INPUT MATERIAL:

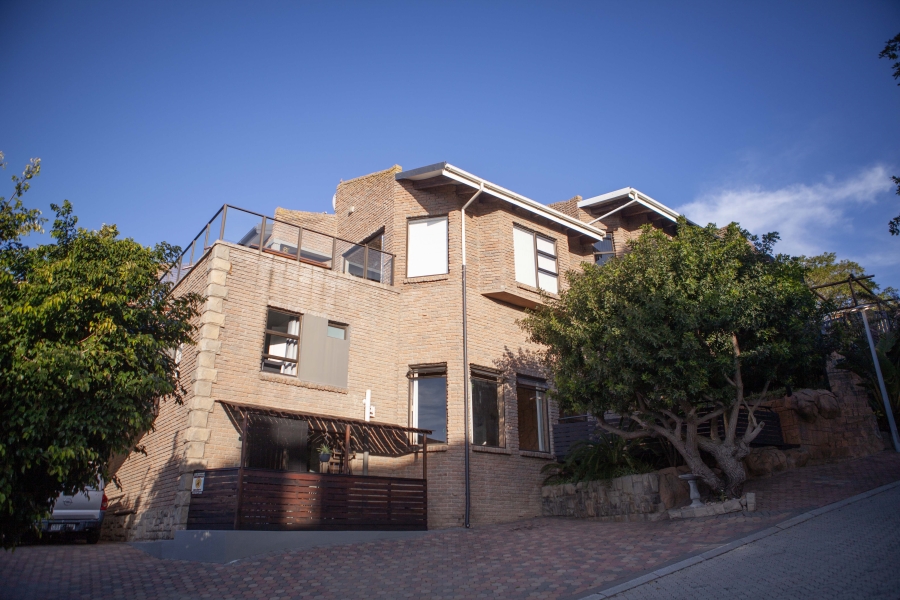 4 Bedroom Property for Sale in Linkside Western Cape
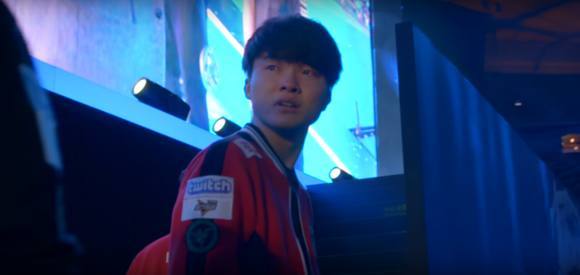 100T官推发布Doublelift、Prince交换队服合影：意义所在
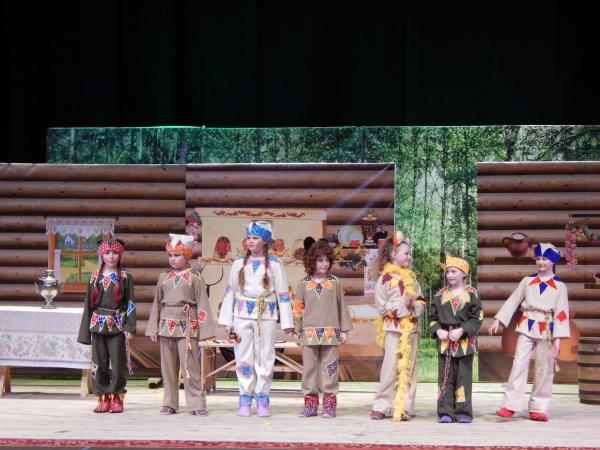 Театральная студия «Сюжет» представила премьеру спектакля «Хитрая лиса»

--

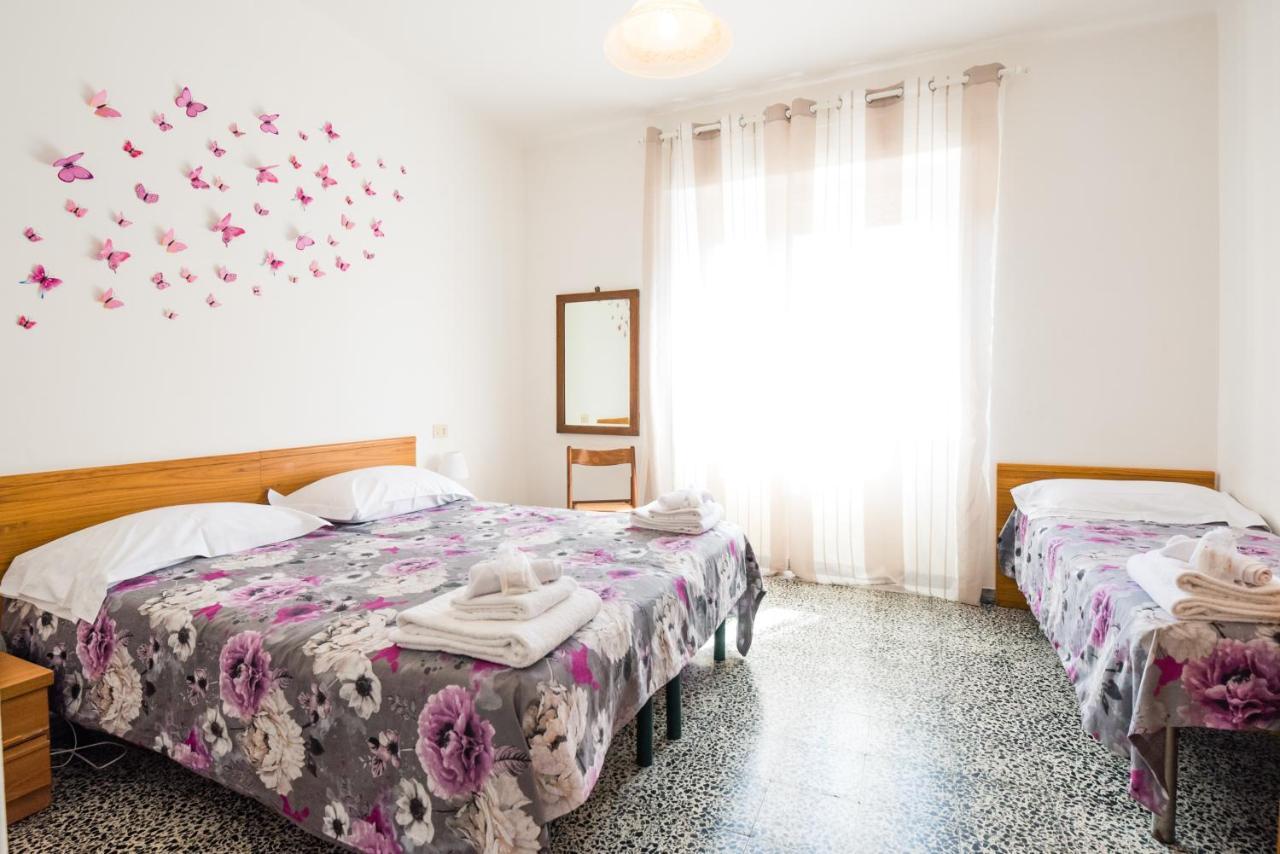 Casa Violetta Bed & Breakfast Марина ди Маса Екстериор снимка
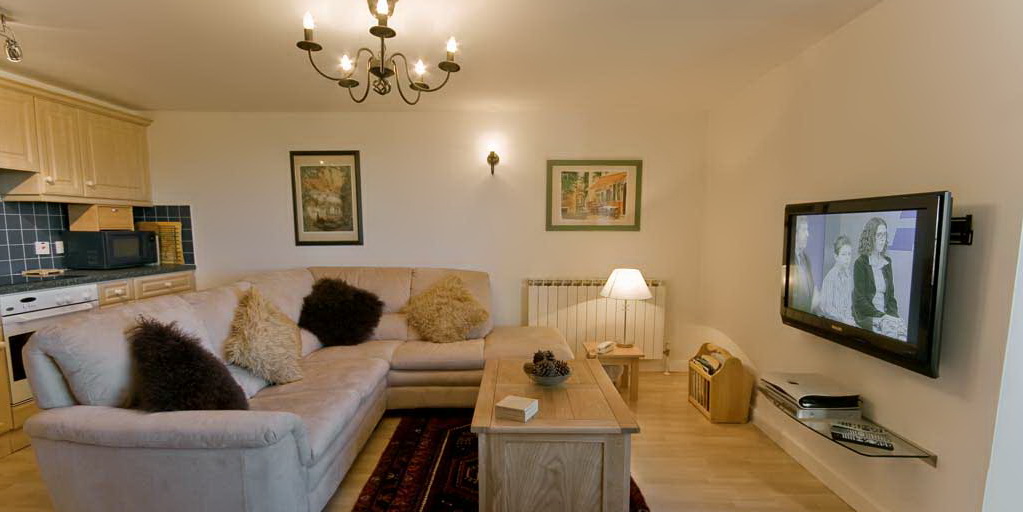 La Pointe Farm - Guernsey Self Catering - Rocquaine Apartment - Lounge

==

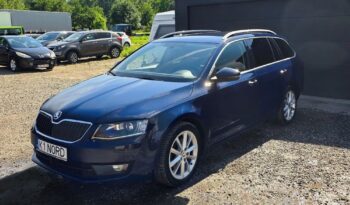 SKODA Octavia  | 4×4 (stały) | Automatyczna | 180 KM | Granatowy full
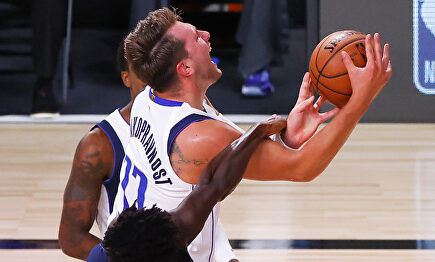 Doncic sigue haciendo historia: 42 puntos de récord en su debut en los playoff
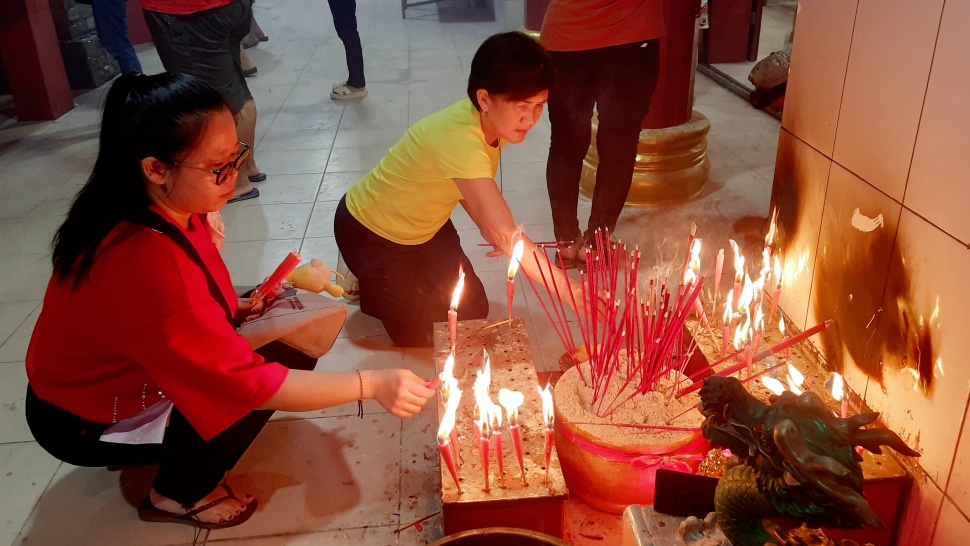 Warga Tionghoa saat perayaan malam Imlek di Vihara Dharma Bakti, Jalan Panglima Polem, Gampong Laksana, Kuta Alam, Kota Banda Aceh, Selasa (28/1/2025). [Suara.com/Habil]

WORK INSTRUCTIONS: The output is the stretch above from the line with "SKODA Octavia  |" through the line with "Warga Tionghoa saat", copied word for word with both ends kept and every picture dropped.

RESULT:
 SKODA Octavia  | 4×4 (stały) | Automatyczna | 180 KM | Granatowy full
 Doncic sigue haciendo historia: 42 puntos de récord en su debut en los playoff
 Warga Tionghoa saat perayaan malam Imlek di Vihara Dharma Bakti, Jalan Panglima Polem, Gampong Laksana, Kuta Alam, Kota Banda Aceh, Selasa (28/1/2025). [Suara.com/Habil]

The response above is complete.